O konuma en fazla yakışan politikacı DTP'li Ahmet Türk de 'güvenilir partner' konumunu ilk parti PKK'lının dağdan indiği gün kaybetmiş oldu.

DTP'liler o gün yaşananların 'kontrol dışı' gelişmeler olduğunu iddia etseler de, hükümet adına süreci yönlendiren İçişleri Bakanı Prof. Beşir Atalay'ın görüşünün farklı olduğu anlaşılıyor. Hükümet çevrelerine göre, DTP verdiği sözlere uymadı, gösterileri kabul edilebilir sınırlar dışına taşırma sorumluluğu da DTP liderlerinde...

Önemli olan soru şu: Bundan sonra ne olacak?

Galiba bu soruya esas cevap vermesi gerekenler hükümetin başlattığı açılımın muhatapları... Demokratik açılımın devam etmesini istiyorlarsa dağdan inmeler yeniden başlayabilir. İlk partide gelenlere gösterilen iyi niyetli yaklaşımdan bundan sonra gelenler de aynen yararlanacaklardır. Süreç bunu gerektiriyor çünkü.

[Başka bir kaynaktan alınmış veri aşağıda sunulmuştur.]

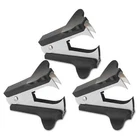 3 Count Universal Staple Remover Jaw Style Black/Silver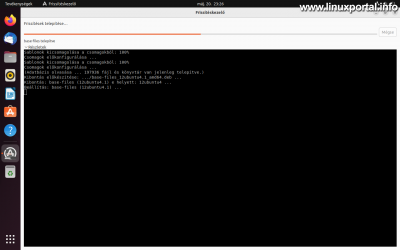 Ubuntu 22.04 LTS (Jammy Jellyfish) - Update Manager - Installing Updates - Installation Process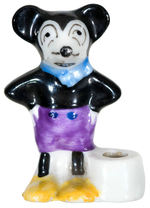 MICKEY MOUSE DEAN’S RAG-STYLE CHINA BIRTHDAY CAKE CANDLE HOLDER.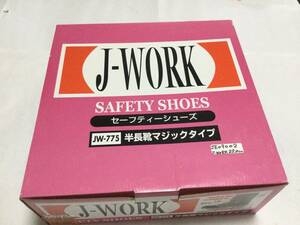 J-WORK 半長靴安全靴　JSAA-A種合格品　25.0cm JE09002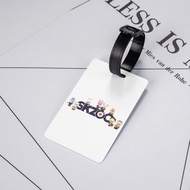 SKZ Plastic Waterproof Luggage Tag SKZOO Travel Suitcase Bag Name Address Label Travel Accessories Travel Bag Label Tag Best Gift STRAY KIDS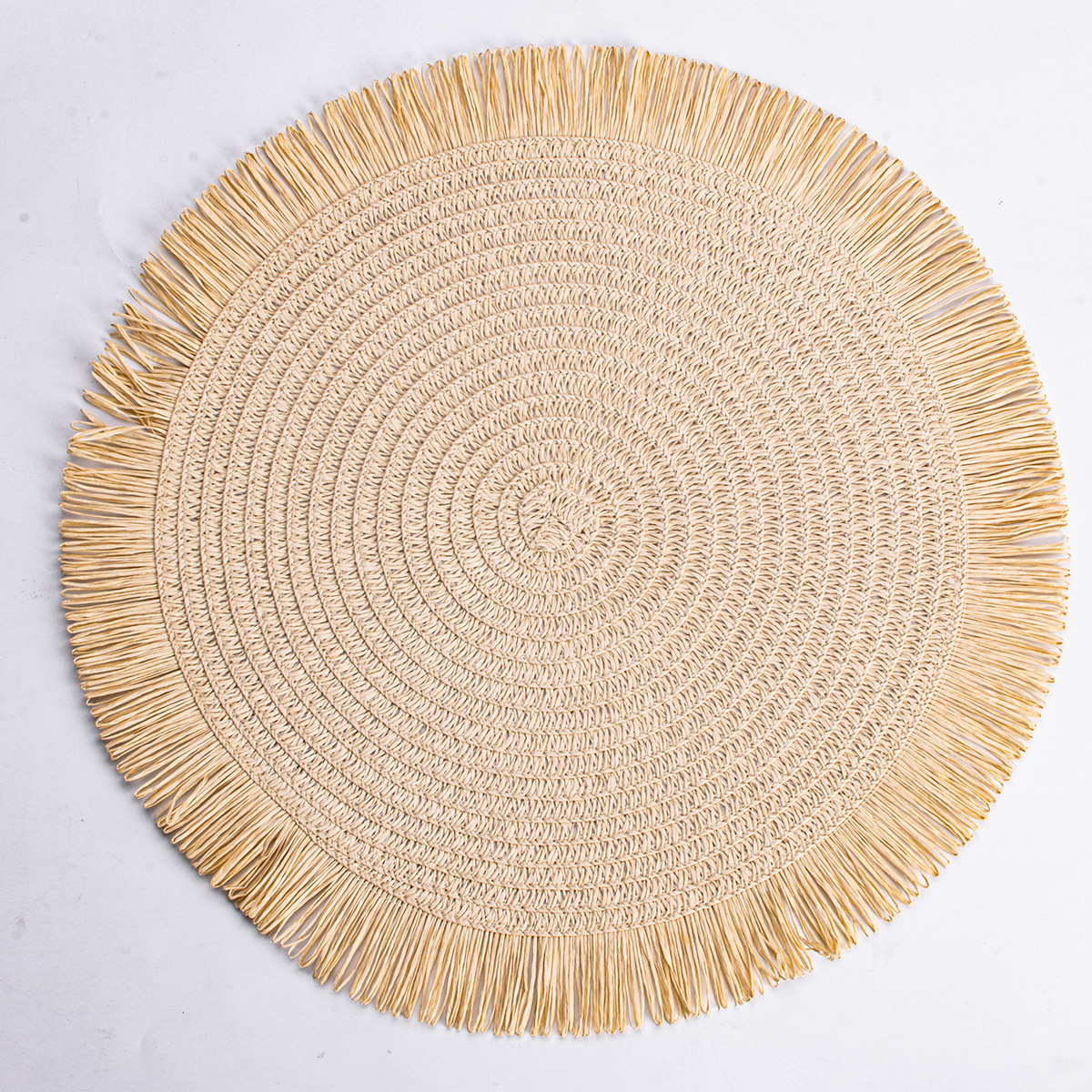 Estricta selección de almohadillas redondas europeas occidentales bordes trenzados degradables almohadillas de aislamiento térmico anti-deslizante en el hogar venta en caliente transfronteriza
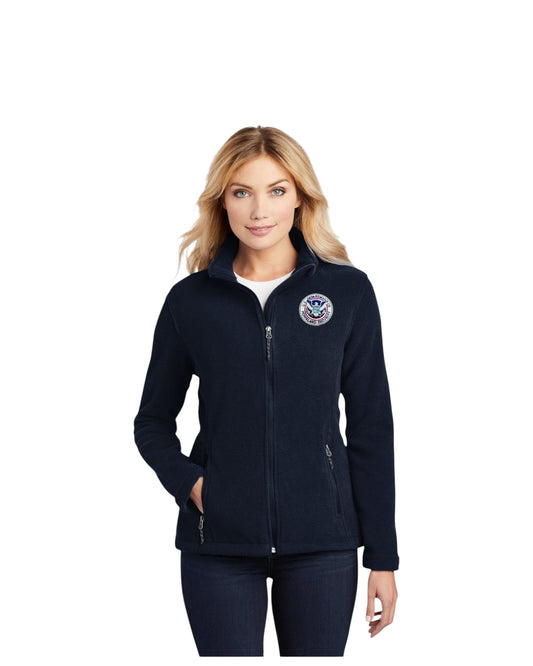 WOMEN'S DHS SEAL FLEECE FULL ZIP JACKET -L217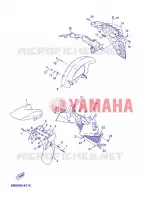 SPATBORD voor Yamaha YP250R 2012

Hükümet de kendi üzerine düşen görevleri, önümüzdeki günlerde konuyu Meclis gündemine taşıyarak yerine getirecektir. İsmi üstünde 'demokratik' bir açılım, demokratik hak ve özgürlüklerin herkes için en geniş biçimiyle kullanılmasıyla gerçekleşebilir. Bunu sağlamanın yeri de TBMM'dir.

En başta kararlaştırıldığı üzere, haklarında mahkeme kararı bulunmayan PKK'lıların dağdan inerek topluma kazandırılması sonrası oluşacak yeni hava, 'sorun' olarak görülen alanlarda yapılacak yasal (ve daha sonra anayasal) düzenlemelerle pekiştirilecektir.

Sürecin bu aşamada akamete uğramasının çıkaracağı faturanın ağırlığı süreci bozma sorumluluğunu taşıyanları zora sokacaktır. Gösterilen iyiniyetin suistimal edildiğinin anlaşılmasıyla alınacak her tür tedbiri, dünya kamuoyu, kabul etmeye hazırdır. Türkiye ile yakınlaşmanın yararlarını görmeye başlayan Irak'ın kuzeyindeki yapının da dirsek çevirmesiyle dağ kadrosunun işi daha da zorlaşacaktır.